DATA RECORDS:
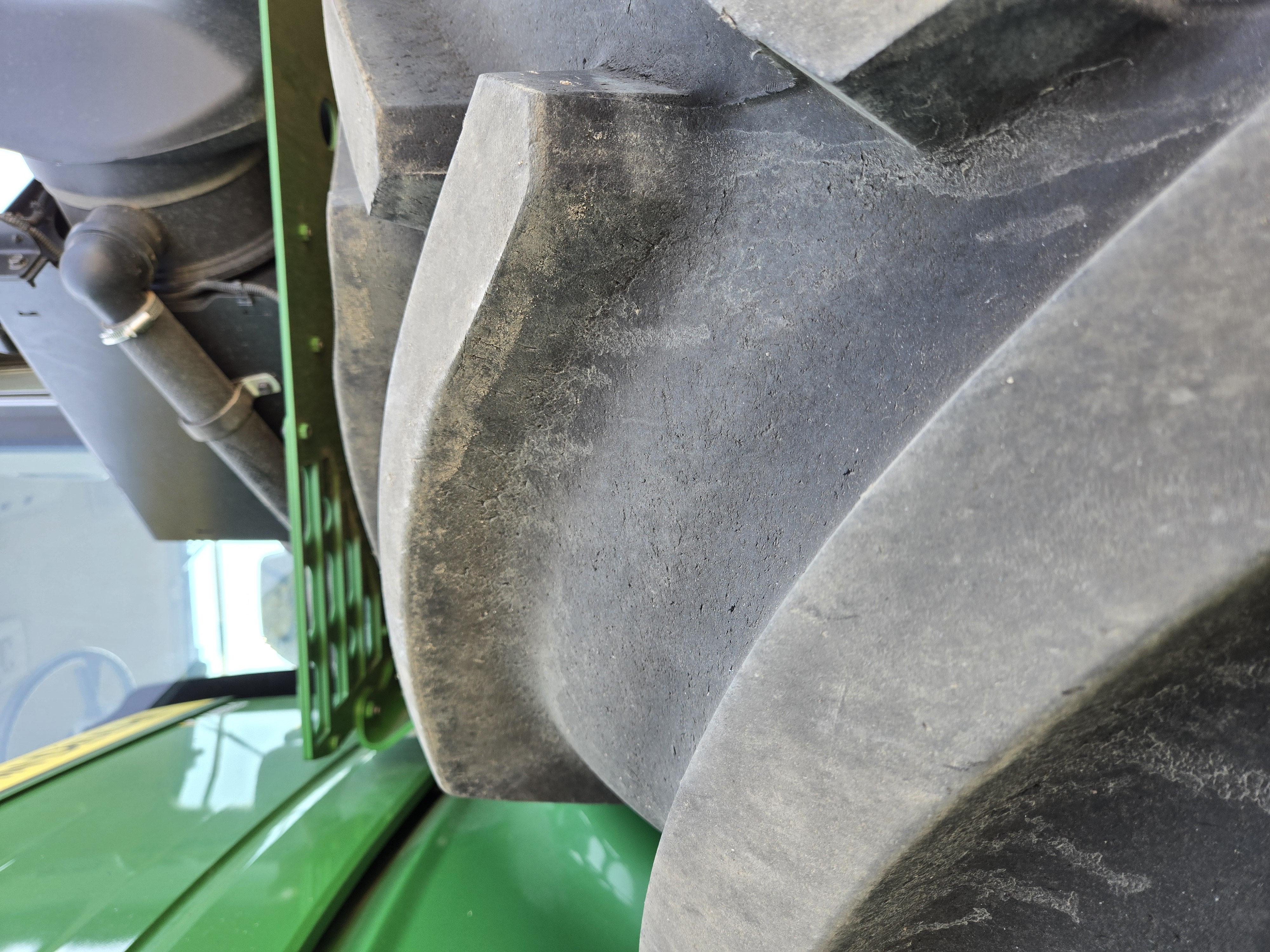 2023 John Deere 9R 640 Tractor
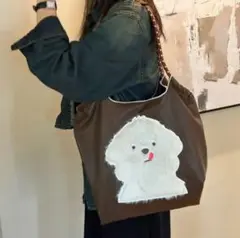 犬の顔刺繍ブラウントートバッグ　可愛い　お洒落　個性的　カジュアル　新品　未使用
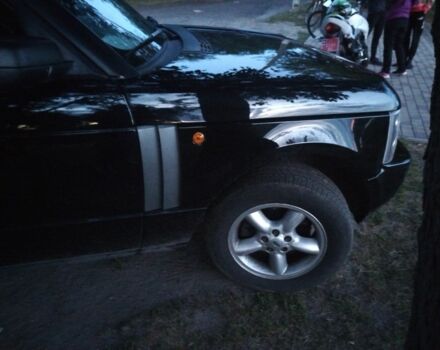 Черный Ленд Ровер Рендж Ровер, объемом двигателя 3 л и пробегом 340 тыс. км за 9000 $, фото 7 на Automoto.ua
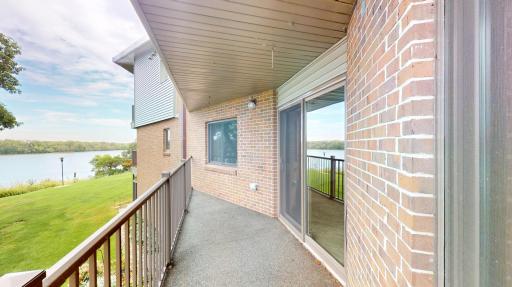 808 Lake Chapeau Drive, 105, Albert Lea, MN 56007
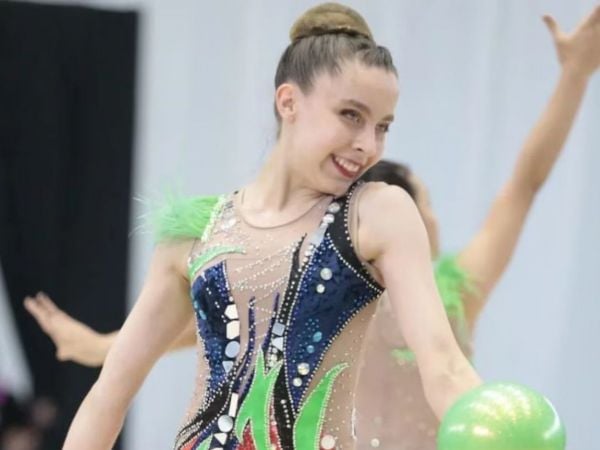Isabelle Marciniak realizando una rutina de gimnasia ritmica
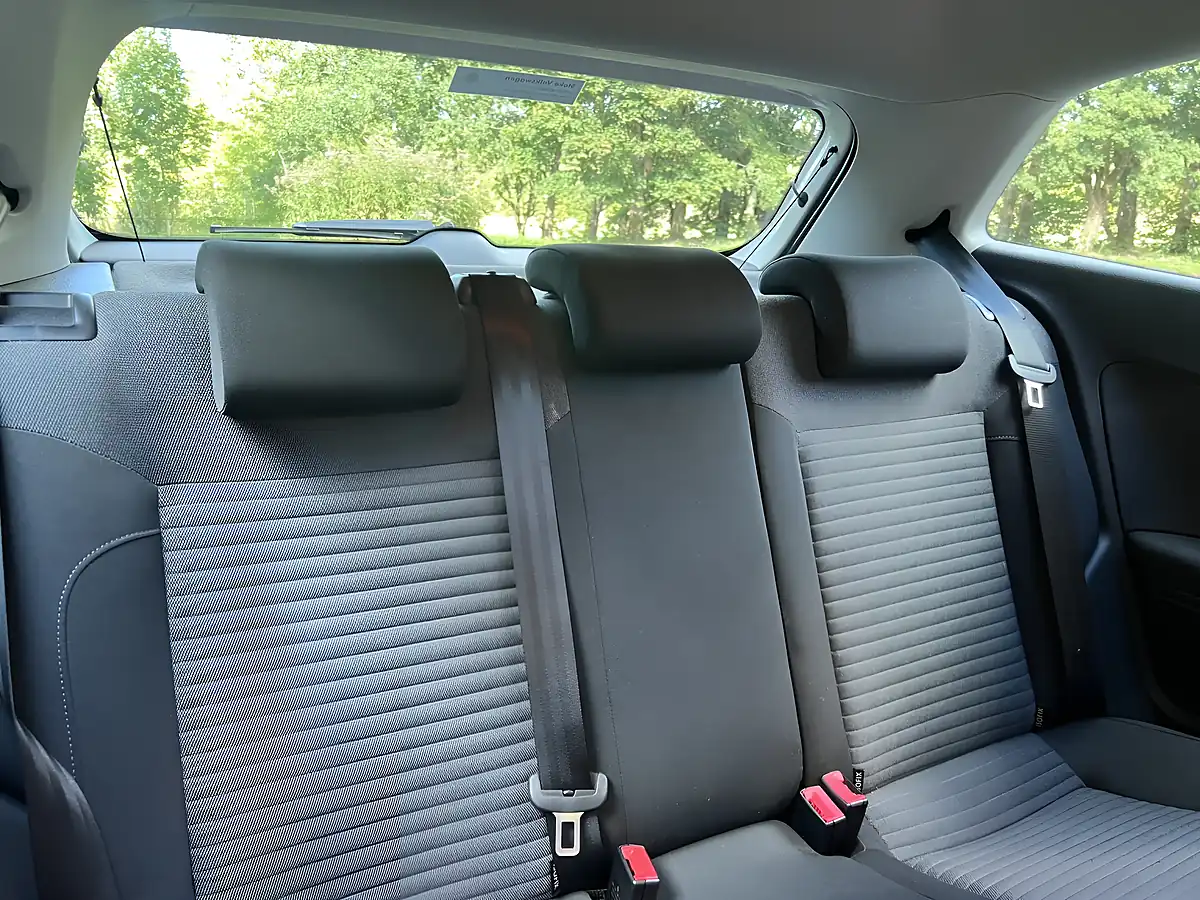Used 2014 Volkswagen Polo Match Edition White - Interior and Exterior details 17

WHAT NEEDS TO BE DONE: Skip the pictures. Restate everything else in the records word for word.

YOUR SOLUTION:
 2023 John Deere 9R 640 Tractor
 犬の顔刺繍ブラウントートバッグ　可愛い　お洒落　個性的　カジュアル　新品　未使用
 Черный Ленд Ровер Рендж Ровер, объемом двигателя 3 л и пробегом 340 тыс. км за 9000 $, фото 7 на Automoto.ua
 808 Lake Chapeau Drive, 105, Albert Lea, MN 56007
Isabelle Marciniak realizando una rutina de gimnasia ritmica
Used 2014 Volkswagen Polo Match Edition White - Interior and Exterior details 17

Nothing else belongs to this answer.